Explore rich fragrant gardens, wander through the woodland, and sit back and relax with views right across the Eden Valley.
Seven miles east of Penrith, Acorn Bank nestles at the foot of the Pennines, with Cross Fell rising up behind it, and the lush green valley stretching out in front. The history of Acorn Bank reaches all the way back to the 13th century and the Knights Templar, though most of the house is around 400 years more recent.
Although parts of the house have been converted into accommodation to help fund the property’s renovation, some of the downstairs rooms are open to visitors – including a gift shop, a second-hand bookshop, and a tea room, which uses fruit and herbs grown on site in its cakes and scones.
But it’s the gardens that are the real highlight of this destination. Exuberant borders burst with colour at the foot high stone walls, and herb garden provides a riot for the senses. Traditional fruit orchards provide dappled shade on warm days, as the perfume blossom fades slowly with the spring, to be overtaken by the sweet syrup of ripening fruit towards the end of summer. If you visit at harvest time, you may see the gardeners shaking the boughs to dislodge and gather pears or apples.

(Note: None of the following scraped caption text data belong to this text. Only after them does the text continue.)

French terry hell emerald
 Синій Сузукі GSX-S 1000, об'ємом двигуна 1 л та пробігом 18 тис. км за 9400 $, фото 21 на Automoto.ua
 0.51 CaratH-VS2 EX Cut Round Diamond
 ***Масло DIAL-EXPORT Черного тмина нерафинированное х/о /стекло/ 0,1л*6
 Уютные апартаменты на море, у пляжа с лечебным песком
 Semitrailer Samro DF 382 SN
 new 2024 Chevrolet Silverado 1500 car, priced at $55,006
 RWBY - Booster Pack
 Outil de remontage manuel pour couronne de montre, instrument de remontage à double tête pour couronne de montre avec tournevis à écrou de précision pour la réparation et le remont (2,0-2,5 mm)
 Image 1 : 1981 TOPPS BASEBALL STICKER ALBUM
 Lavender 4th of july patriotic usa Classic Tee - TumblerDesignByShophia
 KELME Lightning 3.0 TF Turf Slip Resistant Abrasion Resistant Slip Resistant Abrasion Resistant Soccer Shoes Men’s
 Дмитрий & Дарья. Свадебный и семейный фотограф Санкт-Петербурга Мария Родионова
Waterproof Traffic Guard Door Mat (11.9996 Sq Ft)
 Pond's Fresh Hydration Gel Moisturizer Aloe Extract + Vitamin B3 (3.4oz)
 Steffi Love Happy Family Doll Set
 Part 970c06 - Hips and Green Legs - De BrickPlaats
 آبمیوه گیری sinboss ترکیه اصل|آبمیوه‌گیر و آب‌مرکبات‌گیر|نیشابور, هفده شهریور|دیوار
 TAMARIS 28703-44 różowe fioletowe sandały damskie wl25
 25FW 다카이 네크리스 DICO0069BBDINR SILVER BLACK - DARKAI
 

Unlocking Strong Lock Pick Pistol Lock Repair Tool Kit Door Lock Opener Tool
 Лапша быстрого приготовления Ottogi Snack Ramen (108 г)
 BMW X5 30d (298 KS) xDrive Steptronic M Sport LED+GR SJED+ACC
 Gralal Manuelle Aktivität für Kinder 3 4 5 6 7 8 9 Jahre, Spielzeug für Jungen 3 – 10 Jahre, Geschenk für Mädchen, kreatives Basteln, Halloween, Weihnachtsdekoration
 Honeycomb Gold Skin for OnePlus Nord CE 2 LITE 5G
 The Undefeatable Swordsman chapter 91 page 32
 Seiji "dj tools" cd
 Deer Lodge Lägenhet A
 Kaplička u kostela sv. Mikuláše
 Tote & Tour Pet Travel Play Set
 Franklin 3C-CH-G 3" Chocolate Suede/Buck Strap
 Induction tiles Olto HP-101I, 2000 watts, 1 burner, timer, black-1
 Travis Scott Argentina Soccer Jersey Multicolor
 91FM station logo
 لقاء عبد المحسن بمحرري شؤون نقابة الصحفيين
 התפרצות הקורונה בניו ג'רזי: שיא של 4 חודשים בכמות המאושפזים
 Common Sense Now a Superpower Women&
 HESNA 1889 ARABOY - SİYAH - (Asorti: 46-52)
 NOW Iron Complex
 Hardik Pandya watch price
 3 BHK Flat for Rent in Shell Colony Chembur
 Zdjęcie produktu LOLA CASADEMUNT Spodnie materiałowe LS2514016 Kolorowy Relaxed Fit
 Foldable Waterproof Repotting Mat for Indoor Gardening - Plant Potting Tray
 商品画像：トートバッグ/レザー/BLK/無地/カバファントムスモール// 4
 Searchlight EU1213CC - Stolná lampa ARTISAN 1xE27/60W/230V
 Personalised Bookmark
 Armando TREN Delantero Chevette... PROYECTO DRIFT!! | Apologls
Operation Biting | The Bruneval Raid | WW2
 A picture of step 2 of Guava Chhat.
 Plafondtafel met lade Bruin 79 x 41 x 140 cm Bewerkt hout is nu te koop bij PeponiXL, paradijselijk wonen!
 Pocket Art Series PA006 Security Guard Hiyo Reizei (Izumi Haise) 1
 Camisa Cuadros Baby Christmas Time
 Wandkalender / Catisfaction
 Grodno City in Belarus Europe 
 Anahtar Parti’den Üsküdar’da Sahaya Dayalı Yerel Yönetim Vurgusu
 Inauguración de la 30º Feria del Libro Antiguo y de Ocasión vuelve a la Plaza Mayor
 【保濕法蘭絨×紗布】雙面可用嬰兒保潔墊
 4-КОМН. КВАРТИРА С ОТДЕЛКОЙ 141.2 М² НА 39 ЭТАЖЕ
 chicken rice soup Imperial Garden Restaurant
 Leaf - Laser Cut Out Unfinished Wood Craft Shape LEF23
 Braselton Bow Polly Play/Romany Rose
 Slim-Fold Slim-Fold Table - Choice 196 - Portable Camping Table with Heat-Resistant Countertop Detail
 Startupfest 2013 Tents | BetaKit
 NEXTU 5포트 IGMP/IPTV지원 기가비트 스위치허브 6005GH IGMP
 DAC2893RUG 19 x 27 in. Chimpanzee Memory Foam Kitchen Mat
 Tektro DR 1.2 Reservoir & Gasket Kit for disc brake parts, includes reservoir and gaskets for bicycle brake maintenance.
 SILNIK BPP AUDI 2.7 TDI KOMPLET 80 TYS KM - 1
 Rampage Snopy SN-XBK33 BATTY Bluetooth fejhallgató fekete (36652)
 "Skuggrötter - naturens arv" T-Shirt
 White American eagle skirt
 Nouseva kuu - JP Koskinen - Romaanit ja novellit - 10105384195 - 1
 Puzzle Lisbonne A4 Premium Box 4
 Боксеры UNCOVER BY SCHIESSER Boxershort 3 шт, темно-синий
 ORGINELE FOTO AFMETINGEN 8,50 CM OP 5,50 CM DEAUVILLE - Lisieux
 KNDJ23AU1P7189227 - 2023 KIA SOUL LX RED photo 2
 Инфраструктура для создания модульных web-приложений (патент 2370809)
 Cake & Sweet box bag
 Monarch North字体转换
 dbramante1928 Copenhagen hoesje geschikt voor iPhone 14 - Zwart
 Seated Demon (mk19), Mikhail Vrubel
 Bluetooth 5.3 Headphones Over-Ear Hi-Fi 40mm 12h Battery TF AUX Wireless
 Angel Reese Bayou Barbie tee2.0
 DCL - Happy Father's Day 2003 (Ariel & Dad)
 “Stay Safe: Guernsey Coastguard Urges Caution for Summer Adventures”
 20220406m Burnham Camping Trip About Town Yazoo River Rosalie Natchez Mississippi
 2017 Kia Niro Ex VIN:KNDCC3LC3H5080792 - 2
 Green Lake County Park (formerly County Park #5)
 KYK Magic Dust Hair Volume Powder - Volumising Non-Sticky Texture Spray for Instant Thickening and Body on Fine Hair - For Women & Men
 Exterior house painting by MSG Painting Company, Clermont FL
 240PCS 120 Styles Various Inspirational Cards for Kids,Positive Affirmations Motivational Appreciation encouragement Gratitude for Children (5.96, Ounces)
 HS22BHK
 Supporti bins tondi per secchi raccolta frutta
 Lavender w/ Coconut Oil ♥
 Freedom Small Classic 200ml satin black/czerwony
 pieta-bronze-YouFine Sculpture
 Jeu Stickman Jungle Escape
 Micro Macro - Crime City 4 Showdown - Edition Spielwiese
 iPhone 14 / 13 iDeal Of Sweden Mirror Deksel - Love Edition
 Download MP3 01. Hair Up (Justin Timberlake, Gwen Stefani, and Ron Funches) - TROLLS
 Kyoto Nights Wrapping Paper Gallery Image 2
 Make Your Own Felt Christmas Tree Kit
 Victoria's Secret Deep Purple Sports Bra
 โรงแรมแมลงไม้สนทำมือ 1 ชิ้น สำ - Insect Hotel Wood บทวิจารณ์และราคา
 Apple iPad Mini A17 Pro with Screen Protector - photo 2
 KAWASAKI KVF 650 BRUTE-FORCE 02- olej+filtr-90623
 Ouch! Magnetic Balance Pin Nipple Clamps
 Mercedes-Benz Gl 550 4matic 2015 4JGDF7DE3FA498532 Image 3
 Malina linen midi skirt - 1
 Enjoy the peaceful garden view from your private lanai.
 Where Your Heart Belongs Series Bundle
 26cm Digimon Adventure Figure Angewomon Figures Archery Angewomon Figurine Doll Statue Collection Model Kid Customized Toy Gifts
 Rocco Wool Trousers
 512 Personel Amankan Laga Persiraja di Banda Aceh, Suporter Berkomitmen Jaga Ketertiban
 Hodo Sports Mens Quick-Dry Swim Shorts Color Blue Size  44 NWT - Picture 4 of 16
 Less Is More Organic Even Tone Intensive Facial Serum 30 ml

Beyond the walls and hedges of the garden lie the Acorn Bank woodlands, which are perfect for a leisurely stroll, and where you can see the remnants of the gypsum mining which took place here from the end of the nineteenth century. Also nestled at the edge of the woods, you’ll find a historic working watermill, grinding the flour that’s used for baking by the tea room.
Acorn Bank is a National Trust property.